→ **EXERCISE MATERIALS**:
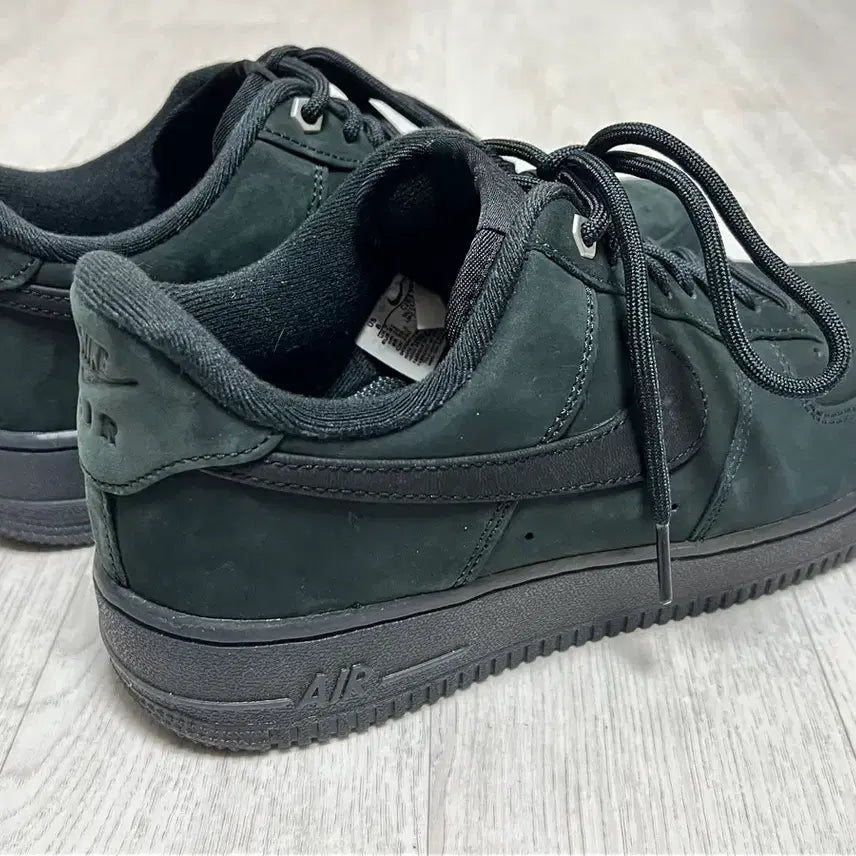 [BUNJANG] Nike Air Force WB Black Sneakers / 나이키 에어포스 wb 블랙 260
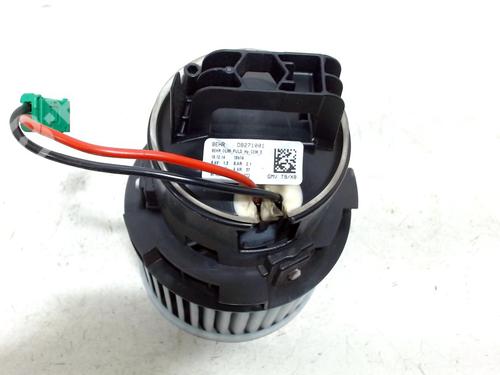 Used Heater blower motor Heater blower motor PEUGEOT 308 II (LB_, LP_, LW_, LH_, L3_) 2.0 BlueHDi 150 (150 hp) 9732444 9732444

...

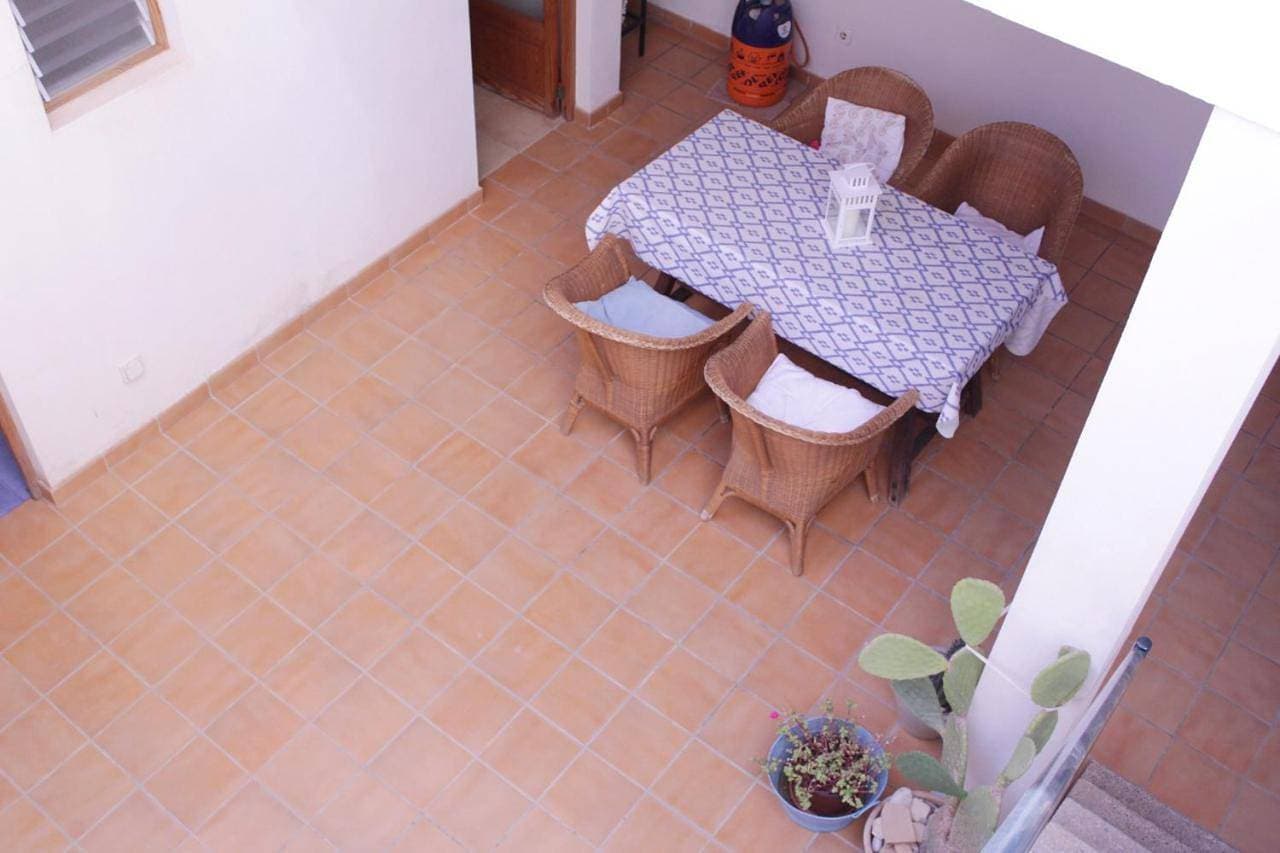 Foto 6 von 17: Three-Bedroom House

→ **WORK ORDER**: Go back to the lines above and output, exactly as they stand, the ones from the line containing "[BUNJANG] Nike Air" to the line containing "Used Heater blower". Leave all pictures behind.

→ **RESPONSE BELOW**:
 [BUNJANG] Nike Air Force WB Black Sneakers / 나이키 에어포스 wb 블랙 260
 Used Heater blower motor Heater blower motor PEUGEOT 308 II (LB_, LP_, LW_, LH_, L3_) 2.0 BlueHDi 150 (150 hp) 9732444 9732444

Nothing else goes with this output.